JetBlue Airways and British Airways plan to implement a broad codesharing arrangement under which they intend to link their networks by jointly selling flights within the USA and between London and Europe.

The move, disclosed in a 22 May regulatory filing with the US Department of Transportation, comes as JetBlue seeks to strengthen its financial performance and tweak its operation following two strategic blows. Those include the forced failure of both its Northeast Alliance with American Airlines and its proposal to acquire Spirit Airlines.

British Airways 787-c-British Airways

Source: British Airways

Like the failed Northeast Alliance, the proposed JetBlue-British Airways codeshare deal targets JetBlue’s flights from Boston and New York’s John F Kennedy Airport.

The arrangement is to involve JetBlue placing British Airways’ code on 36 JetBlue domestic routes from Boston and 39 domestic routes from JFK, according to the regulatory filing.

Across the Atlantic, British Airways flights from London to 17 destinations in Europe – including places like Amsterdam, Budapest, Frankfurt, Lisbon, Paris and Zurich – are to carry JetBlue’s code.

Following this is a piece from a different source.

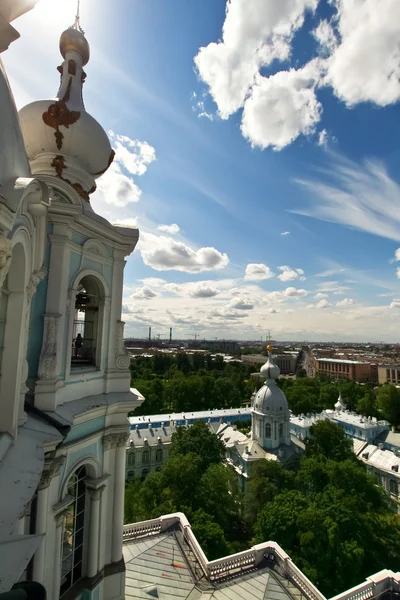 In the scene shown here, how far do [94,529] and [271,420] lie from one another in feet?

Both airlines fly the London-New York and London-Boston routes, meaning the arrangement would allow each to sell, as their own, connecting flights on opposite sides of the Atlantic.

JetBlue Embraer E190

Source: Markus Mainka/Shutterstock.com

If approved by the DOT, the agreement would give British Airways another strong US partner alongside American. British Airways and American already have a codeshare arrangement and both are members – together with Aer Lingus, Iberia and Finnair – of a revenue-sharing transatlantic joint venture.

JetBlue had planned for its flights at Boston and New York to be closely coordinated with American Airlines as part of the Northeast Alliance, which those airlines revealed with great fanfare in 2020.

But a federal judge in May 2023 ordered the arrangement dissolved on anti-competitive grounds.

JetBlue next sought to strengthen its operation by acquiring Spirit Airlines, but a judge in the same court blocked that deal in January for the same reason, sending JetBlue back to the drawing board.

JetBlue has since been trimming flights from its network and has cancelled 2024 growth plans in a bid to stem losses and in response to Pratt & Whitney PW1100G engine problems that have left some of its Airbus A320neo-family jets grounded.

JetBlue lost $716 million in the first quarter.